# Realtek RTL8111e cannot send any packets



## j4r3ck (Mar 21, 2014)

Welcome.

I had new FreeBSD 10.0-RELEASE installed on my new PC, just for testing. This PC have ASUS P8H61-MX R2.0 motherboard, which contains integrated NIC Realtek RTL8111e. I theoretically configured it on the FreeBSD install process. But, it can't send any packets. This NIC is shown if I type `ifconfig -a` command, but with using a trick by `ifconfig re0 -rxcsum -txcsum` it works, but if I reboot the system, I must type it again. And, if I type it to /etc/rc.conf, this trick won't work - the NIC can't send any packets.

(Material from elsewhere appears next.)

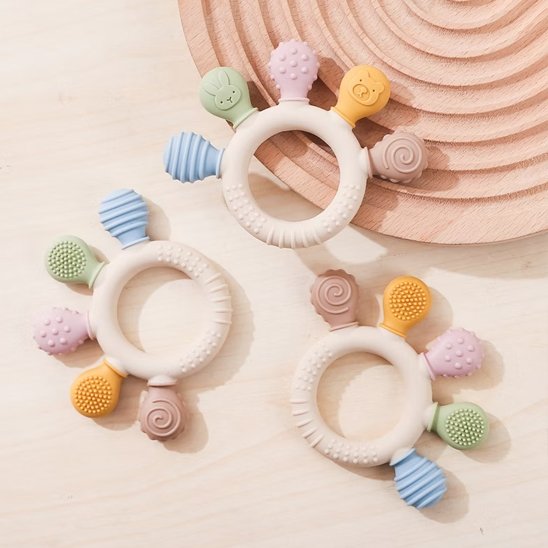 Anneau de dentition bébé multicolore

What's the problem? Poor quality driver or TCP/IP stack problem? And, what to do if I want to use FreeBSD normally with this NIC or buy a new NIC for PCI-E x1?


----------



## SirDice (Mar 21, 2014)

Realtek tends to modify their chips regularly without changing the identifications. They're not the best cards to have anyway but they're cheap. For some reason I seem to be lucky with all my Realtek cards but I do have issues from time to time. 

How did you add the switches to rc.conf? The correct way is something like this:

```
ifconfig_re0="DHCP -rxcsum -txcsum"
```


----------



## j4r3ck (Mar 21, 2014)

@SirDice, yes, I added it to /etc/rc.conf as exactly as you given, no effects, system cannot get an IP address from DHCP server. Manual IP setting and ping to router doesn't give any effects - no answer from router, but if I ping router from Linux, it's answering.


----------



## SirDice (Mar 21, 2014)

j4r3ck said:
			
		

> Manual IP setting and ping to router doesn't give any effects - no answer from router, but if I ping router from Linux, it's answering.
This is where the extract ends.